Here again on the left we see new, young objects and mature objects on the right. On the left side the marking process has identified that 5 new objects are still active (gray), while two new objects are garbage (white). But what about the new, young object in the center? This is the one shown in white with a question mark. Is this new object garbage or active?
It’s active, of course, because there’s a reference to it from a mature object on the right. But remember Ruby 2.1 doesn’t include mature objects in mark and sweep (until a full collection occurs). This means the new object will be incorrectly considered garbage and released, causing your program to lose data!
Ruby 2.1 overcomes this challenge by monitoring the mature objects to see if your program adds a reference from them to a new, young object. Ruby 2.1 uses an old GC technique called write barriers to monitor changes to mature objects - whenever you add a reference from one object to another (whenever you write to or modify an object), a write barrier is triggered. The barriers check whether the source object is mature, and if so adds the mature object to a special list. Later Ruby 2.1 includes these just these modified mature objects in the next mark and sweep process, preventing active, young objects from being incorrectly considered garbage.
Ruby 2.1’s actual implementation of write barriers is quite complex, primarily because existing C extensions don’t contain them. Koichi Sasada and the Ruby core team used a number of clever solutions to overcome this challenge as well. To learn more about these technical details, watch Koichi’s fascinating presentation from EuRuKo 2013.
Standing on the Shoulders of Giants
At first glance, Ruby and Python seem to implement garbage collection very differently. Ruby uses John McCarthy’s original mark and sweep algorithm, while Python uses reference counting. But when we look more closely, we see that Python uses bits of the mark and sweep idea to handle cyclic references, and that both Ruby and Python use generational garbage collection in similar ways. Python uses three separate generations, while Ruby 2.1 uses two.

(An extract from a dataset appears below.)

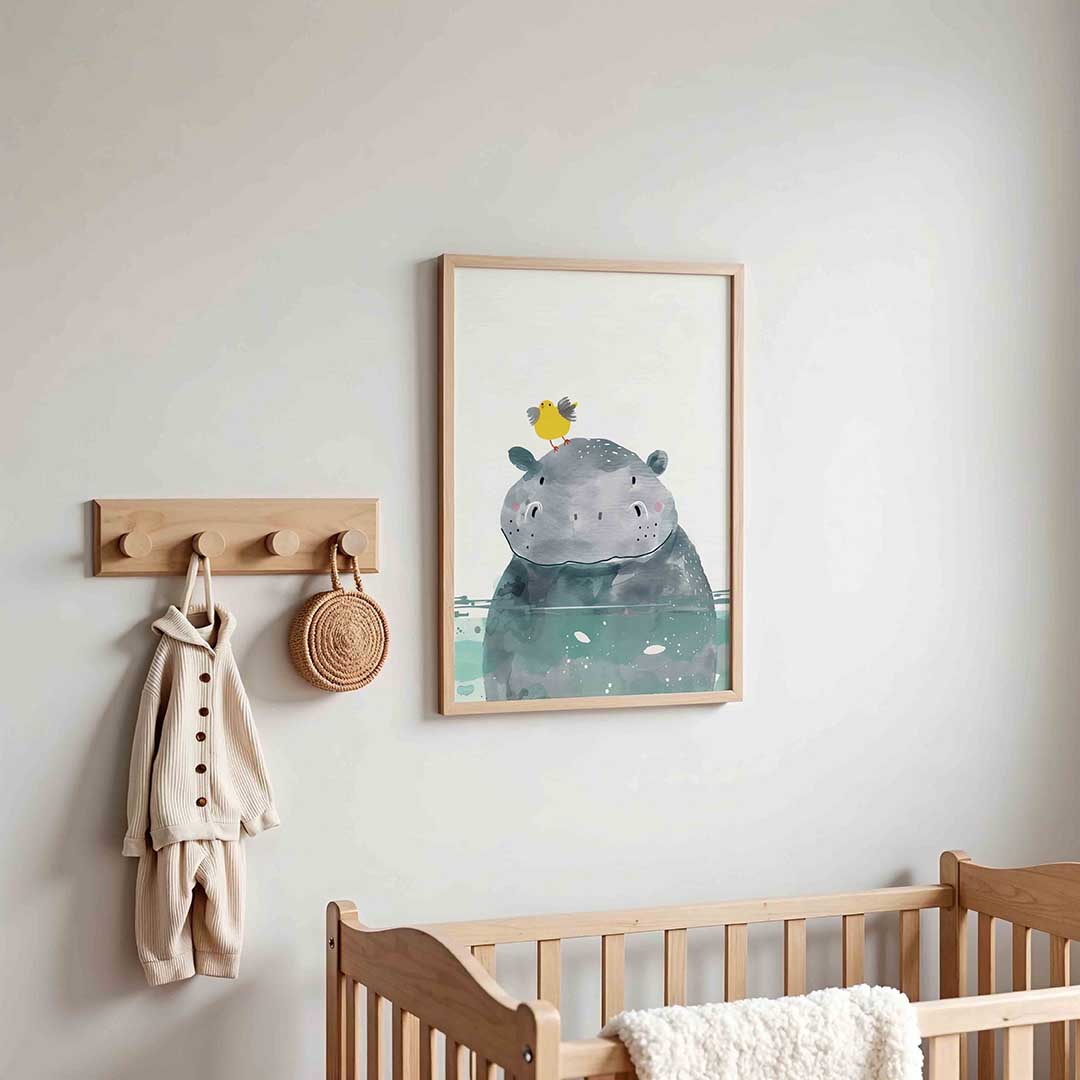 Nijlpaard met vogel – kinderposter in staand formaat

This similarity should not be a surprise. Both languages are using computer science research that was done decades ago - before either Ruby or Python were even invented. I find it fascinating that when you look “under the hood” at different programming languages, you often find the same fundamental ideas and algorithms are used by all of them. Modern programming languages owe a great deal to the ground breaking computer science research that John McCarthy and his contemporaries did back in the 1960s and 1970s.